WASHINGTON, D.C. (January 27, 2021) – In response to President Joseph Biden signing several Executive Orders focused on climate change, the U.S. Green Building Council (USGBC) has issued the following statement from Senior Policy Counsel Elizabeth Beardsley:
“President Biden’s Executive Orders focused on tackling the climate crisis is especially encouraging to USGBC. Seeing the White House prioritize action around greening the federal footprint and federal infrastructure investments as part of the ‘whole of government’ approach to climate is consistent with USGBC’s policy priorities to reduce carbon footprints and boost resilience across the building sector.

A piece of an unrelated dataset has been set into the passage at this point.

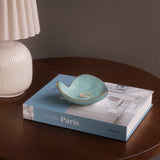 Teal ceramic dish with gold interior on a book titled 'Creative Paris' on a wooden table.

By reducing the carbon footprint of federal agencies and leveraging agency programs – from funding to regulatory – we can show climate leadership from the top. Supporting climate mitigation across the government also enables us to take measurable steps to support a healthy, resilient, sustainable and equitable future for all. We value our long partnership with federal agencies in supporting this effort and look forward to accelerating that work.
As the Administration develops the nation’s ‘nationally determined contribution’ under the Paris Agreement, buildings will be a key sector for investment and decarbonization. For more than a quarter century, USGBC has been at the forefront of defining green building standards through LEED. The rating system provides a path for reducing operational costs, improving efficiency, reducing emissions and supporting health. More than 6,900 federal projects are already engaged. USGBC also supports a growing green building workforce, which today includes more than 200,000 LEED green building professionals, who are at the heart of helping the U.S. transform its buildings to be more sustainable, healthy and resilient.

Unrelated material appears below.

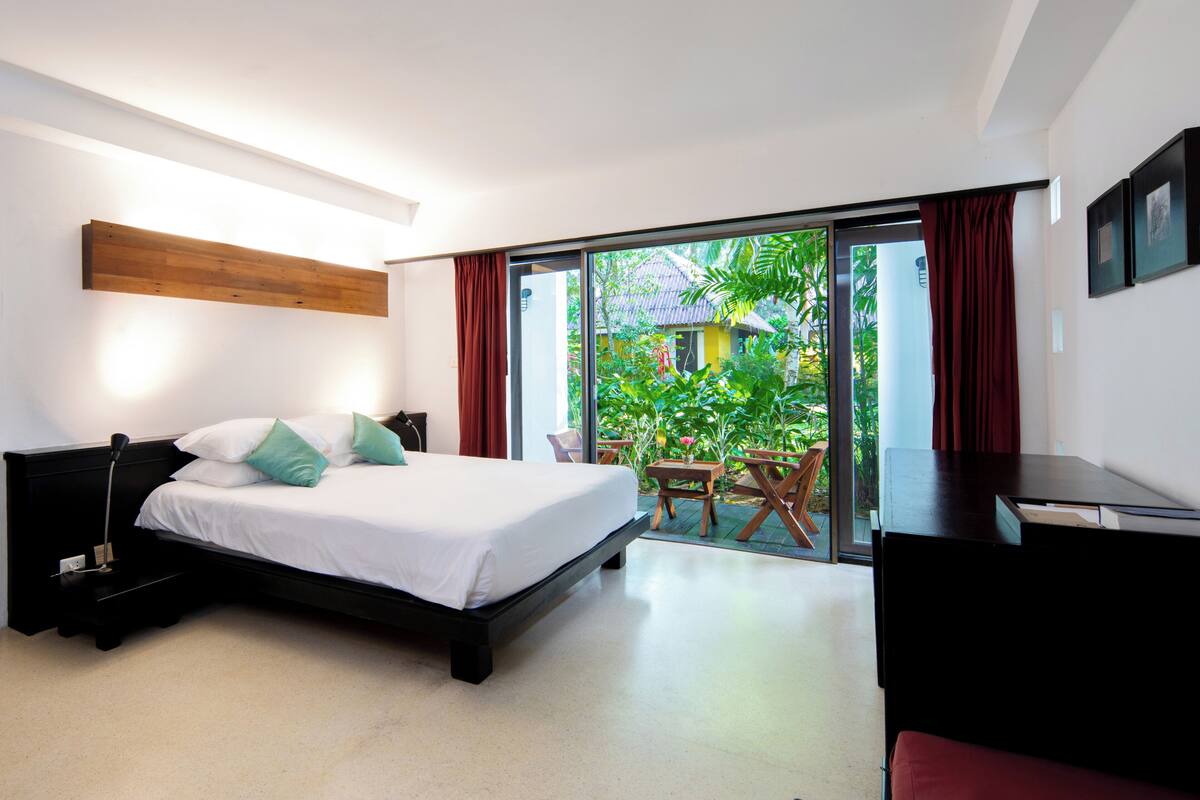 A modern bedroom with a large bed, a desk, and a view of a garden through a sliding door.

In addition to today’s orders, we are encouraged by the Biden Administration’s commitment to retrofit two million commercial buildings and weatherize four million homes in four years. We further commend the creation of an Interagency Working Group to help communities impacted by coal and power plants recover in terms of economy, environment, and public health. We look forward to supporting these priorities as we, together, work to build back better.”